Project type:

Mineral paint over old Limewash

In the space of less than 10 years, I Lime-washed this cob barn-conversion twice, and the owner Lime-washed it once more. Usually lime-wash will last a little longer than these attempts, but the barn has barge-boards set very close to the gable-end wall surface, so water drips off the boards straight onto the wall. Lime-wash doesn’t mind being damp, but the mechanical action of the dripping water cuts into the soft finish. Fed-up with redoing the lime-wash, the owner asked me to provide a longer lasting solution. I had success with another flaking-limewash job that benefited from Beeck mineral paint. I was also confident in painting Mineral paint over old Lime-wash, and that the high initial cost of the paint would be worth it.

Why use a Mineral paint?

Most of us are familiar with acrylic based masonry paints. They’re cheap, colourful, and easy to use. But they can lead to problems on a traditional building. It needs a breathable coating to let moisture escape. For example, a building that has been rendered on the outside with lime plaster was traditionally often lime-washed. This is because the lime-wash is compatible with the lime render, and it is also extremely vapour permeable. (see Cornish Lime:”Why use Beeck mineral paint?”)

But lime-wash is a soft coating, and is susceptible to weathering, particularly from dripping water, or driving rain on exposed sites. Also, the original application of lime-wash needs care and patience.
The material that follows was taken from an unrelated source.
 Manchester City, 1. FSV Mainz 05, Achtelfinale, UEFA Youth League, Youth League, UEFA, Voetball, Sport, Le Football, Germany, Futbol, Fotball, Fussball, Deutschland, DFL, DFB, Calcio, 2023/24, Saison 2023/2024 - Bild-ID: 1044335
Too often it has been slopped-on too thick to try and make it cover, and then left to dry-out in the sun, all of which reduces its longevity.

Mineral paint on the other hand, bonds chemically with the substrate and doesn’t wear off in the same way.


First a very thorough clean-down was in order. I applied a coat of fungicide to the walls to start killing the algae growing there, then CAREFUL use of a pressure washer to knock off all flaking or poorly adhering lime-wash without damaging the delicate lime render underneath. I made few repairs to the render, and then another dose of fungicide applied to the clean surface to make sure no algae was left hiding in the cracks.

The particular Beeck system I used comprises 3 parts:

  • FIXATIVE. This looks like water, but is pure crystaline finish without the pigment.
  • QUARTZ FILLER. An aggregate suspended in the finish, it smoothes out the texture of a rough surface, and fills minor cracks. Rather like textured masonry paint.
  • BEECKOSIL. The top coat which has the colour in.

Beeck recommend Fixative diluted with water to bind crumbly or powdery surfaces. The lime render on this building was a bit sandy where the rain had damaged it. It goes without saying, the walls were very dry so that they soaked up the solution like a sponge.


I next brushed on a coat of Quartz filler thinned with Fixative. It leaves a textured finish that really hides the uneven surface texture where the old limewash had flaked off. Also, the “scraping” action of a brush really forces the filler into the cracks so that most fine cracks do not need any pre-filling and were invisible after the application.

Finally the top coat. Much more the consistency of a “normal” paint, two coats make sure everything is covered.

Another successful mineral paint over old limewash job completed. I’ve just got to wait 10 years to prove it lasts at least as long as I said it would!